Personally don't like older meat substitutes, they just taste like compressed vegetables to me. I like impossible, but beyond is decent too. I just don't get them that often (but I didn't buy burgers that often when I ate meat).

I personally don't give a shit about the "processed" stuff, that word is meaningless to me


As with some other comments I assume this is more aimed at the meat-eating market than vegetarians etc.

As somebody who hasn't eaten meat for years, I've long used "fake meat" substitutes because I originally missed normal meat, but the idea of eating actual meat (even lab-bred) triggers a disgust reflex now; I'll stick with the fake stuff.


During my life as a vegetarian/vegan I regularly consume “fake meat” products because they are simple to prepare and allow me to use recipes that are not vegetarian. For example, it’s extremely hard to find a good vegetarian burger — the beyond burger was a revelation the first time I tried it. I still like burgers, even though there are many wonderful vegetarian dishes. I didn’t stop eating meat because I don’t like the taste of meat.

Imagine that many of your favourite dishes, those you grew up with, were suddenly unavailable to you because some ingredient no longer existed. If a new ingredient hit the market that was not quite the same but was a convincing substitute in taste and texture, would you consider it silly and avoid it?
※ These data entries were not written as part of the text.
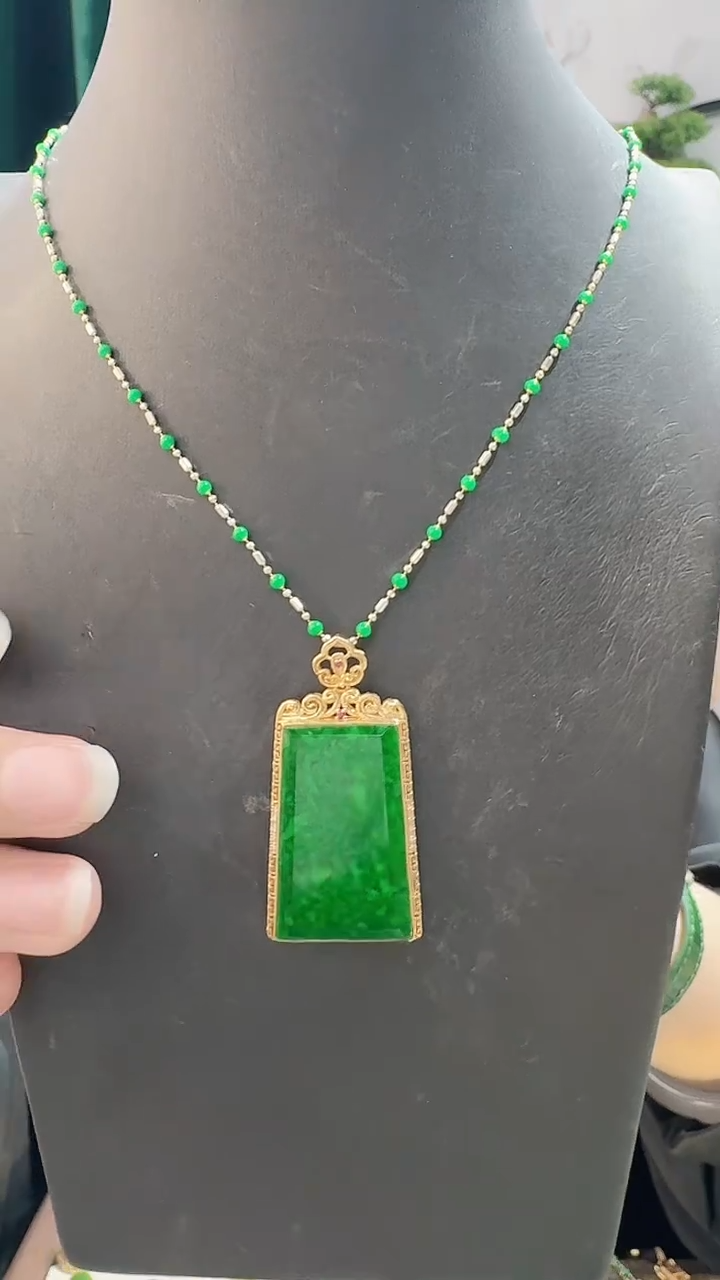 颈饰18K金镶嵌翡翠8888888888888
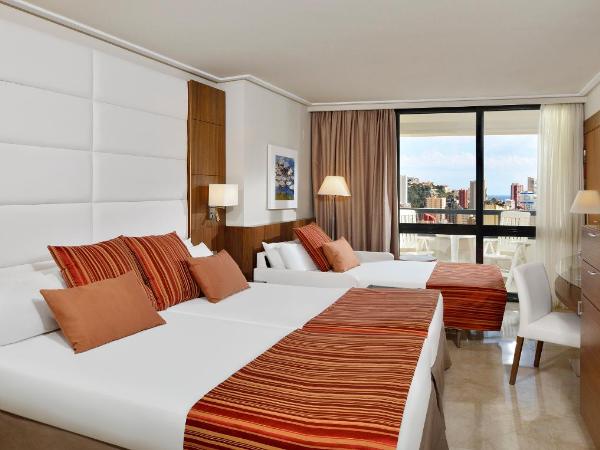 Melia Benidorm : photo 2 de la chambre chambre familiale communicante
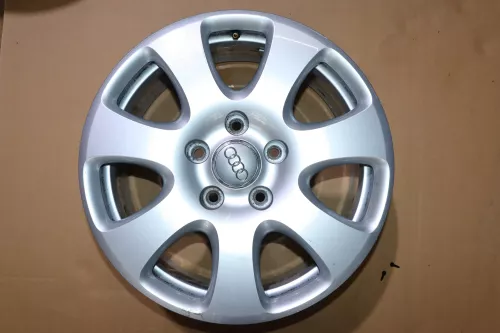 Audi Q7 Alufelgen Felge Felgen 4L0601025E  E7,5j x18 H2 ET 53 ohne Reifen 35674 (152255)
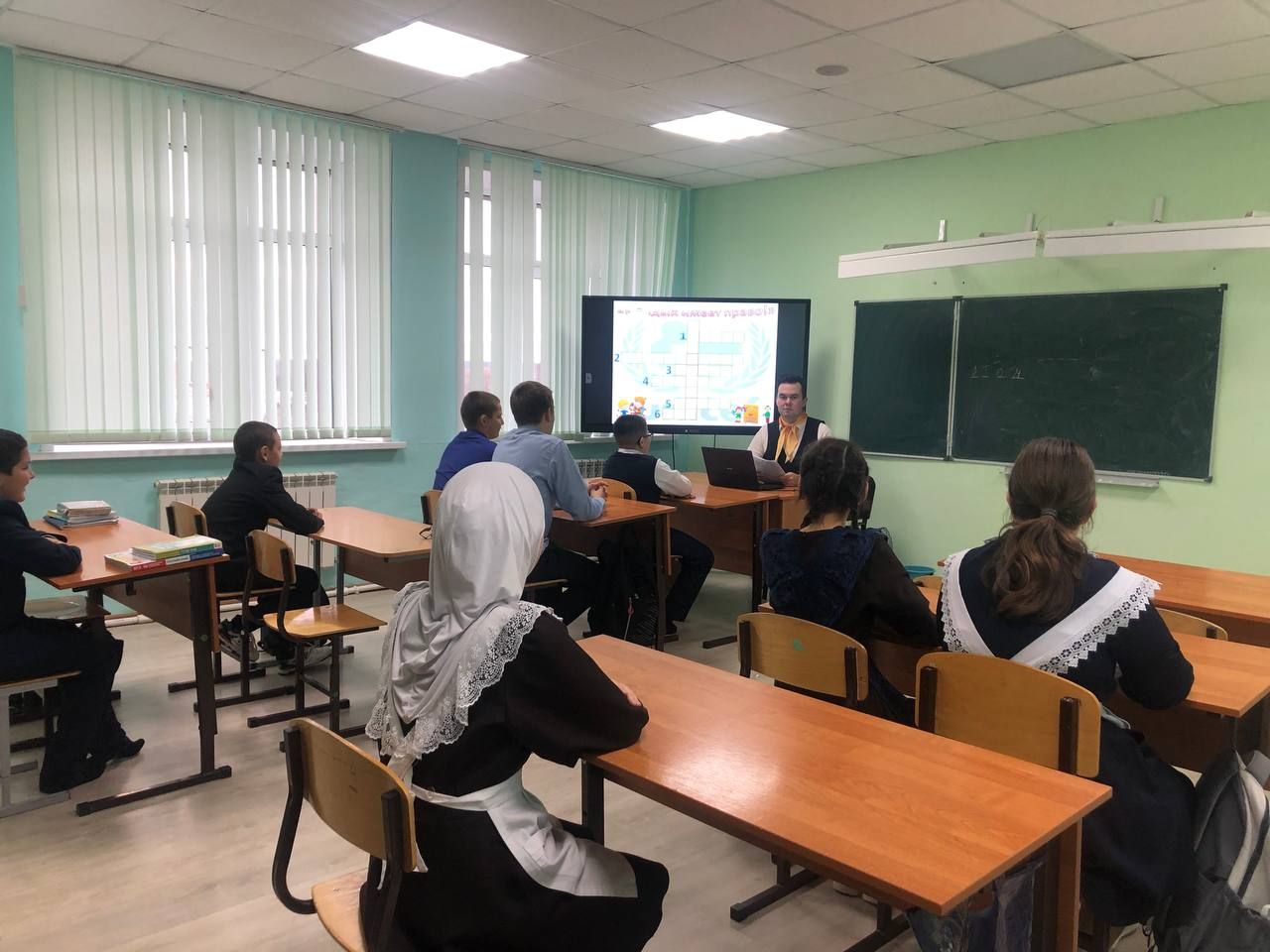 В МБОУ «Чутеевская СОШ» прошло мероприятие, посвящённое Дню правовой помощи детям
For people who feel strongly enough about the ethics of animal farming and the environment, meat substitutes can be "good enough." When I gave up meat years ago I just considered it to be the price of doing what was right.

I don't get what you're trying to say. Of course people like the taste, but why pretend to eat meat? We all know it's not the same. I'd rather have a real version of something I like than a fake version of something I miss.